> Records supplied:
⟨
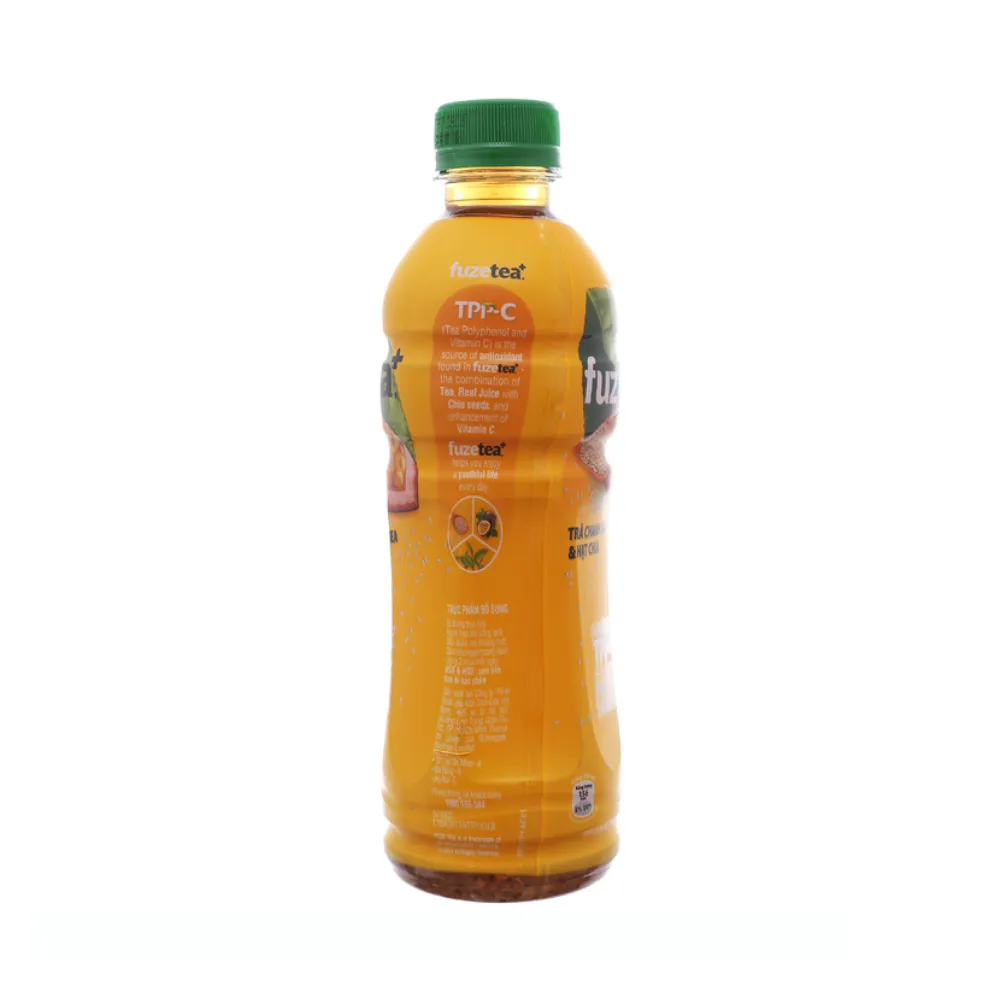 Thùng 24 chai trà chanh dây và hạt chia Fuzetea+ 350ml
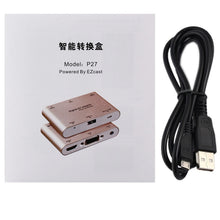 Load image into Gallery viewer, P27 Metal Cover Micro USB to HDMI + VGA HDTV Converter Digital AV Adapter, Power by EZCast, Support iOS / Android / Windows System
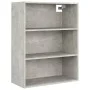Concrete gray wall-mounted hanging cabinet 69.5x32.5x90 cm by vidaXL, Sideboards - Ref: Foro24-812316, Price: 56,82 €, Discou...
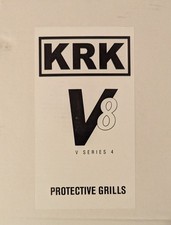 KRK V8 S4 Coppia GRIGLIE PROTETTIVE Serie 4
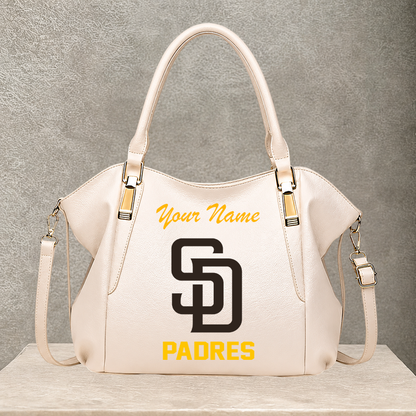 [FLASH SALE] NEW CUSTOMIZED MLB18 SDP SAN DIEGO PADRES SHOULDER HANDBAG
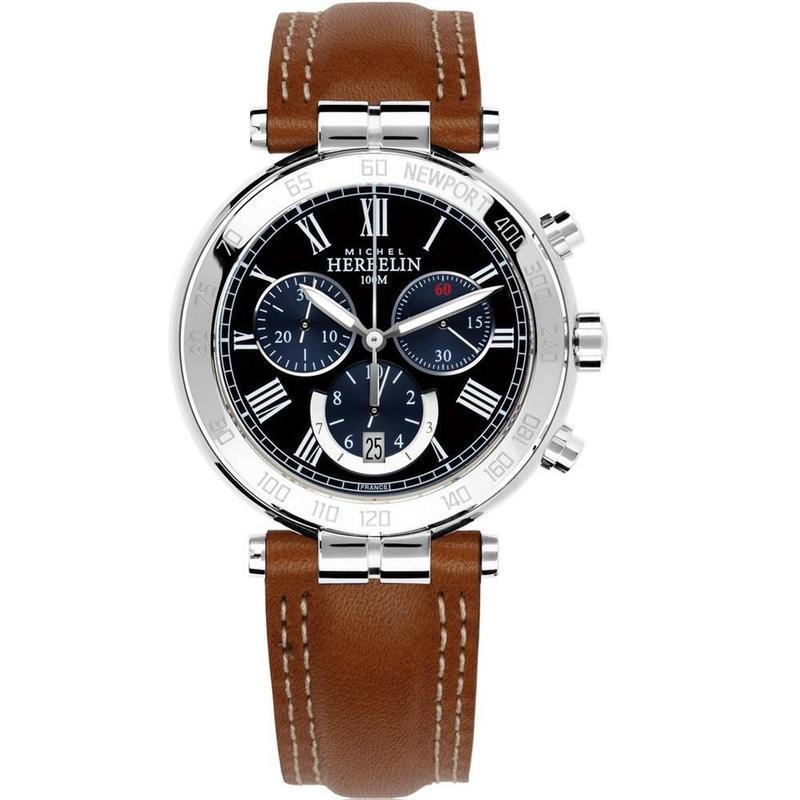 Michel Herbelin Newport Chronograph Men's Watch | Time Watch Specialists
⟩
After locating the line that contains "[FLASH SALE] NEW", output it and all later lines through the end of the material exactly, leaving out pictures.

 [FLASH SALE] NEW CUSTOMIZED MLB18 SDP SAN DIEGO PADRES SHOULDER HANDBAG
 Michel Herbelin Newport Chronograph Men's Watch | Time Watch Specialists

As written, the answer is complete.